French Roman Catholic priest

Pierre Vigne (20 August 1670 – 8 July 1740) was a French Roman Catholic priest who established the Blessed Sacrament Sisters of Valence.

Pope John Paul II beatified him in 2004.

==Life==
Pierre Vigne was born in 1670 as one of five children to Pierre Vigne and Frances Gautier. He was better educated than most of his peers and served as an active member in his parish. A religious vocation manifested in his late teens when he received a sudden and active awareness of Jesus Christ in the Eucharist.

Vigne entered the Sulpician Seminary in Viviers in 1690 to commence his studies, and was ordained to the priesthood on 18 September 1694. After this, he served as a parish curate for six years and joined the Vincentian missionaries in Lyon in 1700, acting as a missionary and a preacher. He left the Vincentians in 1706 and became known as a travelling priest for the next three decades.

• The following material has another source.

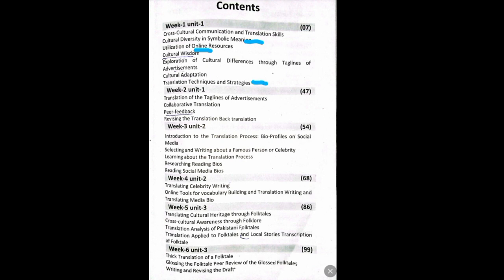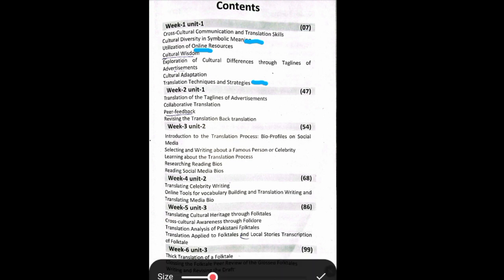The first topic is cross-cultural communication and translation skills. Now in this video, we will see it comprehensively. The topic is, first of all, cross-cultural communication and translation skills, and then the strategies at the end.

He would preach and celebrate Mass at the places he visited and also visited the sick and carried out confessions. It was on 30 November 1715 that he founded the Blessed Sacrament Sisters of Valence and following this established schools for children.

He died in 1740.

==Beatification==
The official cause of beatification commenced on a local level in France on 19 September 1894, before the Positio was submitted to the Congregation for the Causes of Saints. Pope John Paul II declared that he lived a life of heroic virtue and proclaimed him to be Venerable on 7 July 2003. That same pope beatified him after the recognition of a miracle on 3 October 2004.